On a bare bottom Jon an auto pump is unnecessary, you'll know you're taking on water when your feet get wet. A boat with a floor can sneak up on you, can have lots of water in the boat and you won't know it.

You never know what can happen on the water, a bilge pump is just good insurance when Murphy comes knocking.


----------



## surfman (Feb 7, 2018)

The only reason I would want one with a switch is because of rain, and that is if I left the boat unattended overnight. Once I was out and I was heading in due to a storm approaching and made it to the dock just as it unloaded. I ran to the truck and waited it out, typical Florida shower, poured for about 15 minutes. I was quite surprised by how much rain was in the boat, I would say at least a 55 gallon drum full. That is really the only time I wish I had a pump. I have had numerous small bilge pumps go bad, they just lock up but, I am also operating in salt water, I even make sure to flush with fresh and run them to clean them but the little ones are not reliable IMO. I replaced the 500 gph with a 1500 gph and had no more issues, obviously that is an overkill for a 1448, that was in a different and larger fiberglass boat.


----------



## wmk0002 (Feb 7, 2018)

I have always meant to get one but never got around to it. If I ever get a lot of water in the boat I just pull the plug and cruise around until it all drains out.


----------



## aghudson (Feb 16, 2018)

I love this site!

I just bought a 16' boat and was wondering the exact same thing. 

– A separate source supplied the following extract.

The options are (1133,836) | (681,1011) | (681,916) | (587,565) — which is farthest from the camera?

Thanks for all the information


----------



## beetlespin (Feb 17, 2018)

I have two. Seems like I have two of everything. I have one controlled by a switch on the console which is manual or auto. The other is a spare with the wires ready to be connected in the battery box. It is really a safety thing.


----------



## FishinLite (Feb 20, 2018)

If you fish in the rain or leave you boat uncovered siting at the dock an auto bilge pump is great. My boat sits on a trailer when not in use. So, I didn't install one when I restored my Lund.

I have found that if I have two people in the boat one to drive and the other to fool with the drain plug. You can get the boat on plane and pull the drain plug, it will suck all the water out of the boat through the drain plug. When the hull is basically dry you then put plug back in.


----------



## bcbouy (Feb 24, 2018)

on more than one occasion i've woken up to a half submerged boat due to rain or wind conditions.it takes forever to pump out with a 300gph pump.also a whole can of gas wasted.my new boat is getting the manual pump swapped with an 800 gph auto that's sitting on my work bench.


----------



## richg99 (Feb 24, 2018)

I posted here, a few weeks ago, about forgetting to put the plug in. 

Since I was paying attention to getting away from the dock, and the wind was pressing me back onto the concrete ramp, it was AMAZING how much water came in. 

Had I installed an Automatic pump (which I now have) it would have been pumping the water out until I realized the problem.

Auto pumps are great.


----------